Brief
The answer must consist of every line in the data that contains "Gold".
_ _ _ _ _ _ _
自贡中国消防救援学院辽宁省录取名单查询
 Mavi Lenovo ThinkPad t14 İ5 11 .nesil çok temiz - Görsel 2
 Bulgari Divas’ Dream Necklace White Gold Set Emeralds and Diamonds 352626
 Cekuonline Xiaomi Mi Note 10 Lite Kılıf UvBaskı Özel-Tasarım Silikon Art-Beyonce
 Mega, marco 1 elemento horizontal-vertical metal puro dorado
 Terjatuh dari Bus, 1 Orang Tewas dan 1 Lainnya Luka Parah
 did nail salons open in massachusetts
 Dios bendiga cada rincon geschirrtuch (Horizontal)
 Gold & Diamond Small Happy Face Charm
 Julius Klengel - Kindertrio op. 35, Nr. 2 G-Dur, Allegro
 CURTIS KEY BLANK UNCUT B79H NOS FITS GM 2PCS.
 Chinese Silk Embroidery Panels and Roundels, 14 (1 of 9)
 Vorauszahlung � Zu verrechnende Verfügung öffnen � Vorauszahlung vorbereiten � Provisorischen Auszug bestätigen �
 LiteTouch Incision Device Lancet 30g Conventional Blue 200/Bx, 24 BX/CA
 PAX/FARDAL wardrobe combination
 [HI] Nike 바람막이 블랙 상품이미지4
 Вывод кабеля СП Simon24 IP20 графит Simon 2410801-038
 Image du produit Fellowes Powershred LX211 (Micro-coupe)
_ _ _ _ _ _ _
Reply to the exercise
 Bulgari Divas’ Dream Necklace White Gold Set Emeralds and Diamonds 352626
 Gold & Diamond Small Happy Face Charm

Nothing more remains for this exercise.